[Provided data Boundary: Start]

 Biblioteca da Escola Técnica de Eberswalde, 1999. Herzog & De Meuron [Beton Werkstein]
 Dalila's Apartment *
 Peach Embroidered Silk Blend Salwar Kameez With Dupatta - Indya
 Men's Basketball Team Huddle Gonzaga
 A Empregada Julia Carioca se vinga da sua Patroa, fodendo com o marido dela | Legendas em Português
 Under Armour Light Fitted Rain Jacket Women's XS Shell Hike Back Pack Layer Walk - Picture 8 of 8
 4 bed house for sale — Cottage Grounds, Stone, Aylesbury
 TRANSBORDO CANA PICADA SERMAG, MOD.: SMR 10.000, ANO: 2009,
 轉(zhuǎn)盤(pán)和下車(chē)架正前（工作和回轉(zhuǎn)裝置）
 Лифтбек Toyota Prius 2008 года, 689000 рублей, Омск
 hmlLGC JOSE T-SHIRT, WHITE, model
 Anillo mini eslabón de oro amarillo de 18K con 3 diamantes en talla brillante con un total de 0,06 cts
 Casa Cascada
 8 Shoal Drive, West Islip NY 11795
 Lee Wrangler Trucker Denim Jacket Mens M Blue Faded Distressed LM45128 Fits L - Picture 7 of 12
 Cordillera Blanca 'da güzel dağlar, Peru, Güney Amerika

[Provided data Boundary: End]

Exercise goal: Set out, exactly as written, the lines from the line with "Lee Wrangler Trucker" to the last line of the records, inclusive, and only those lines.

Expected answer:
 Lee Wrangler Trucker Denim Jacket Mens M Blue Faded Distressed LM45128 Fits L - Picture 7 of 12
 Cordillera Blanca 'da güzel dağlar, Peru, Güney Amerika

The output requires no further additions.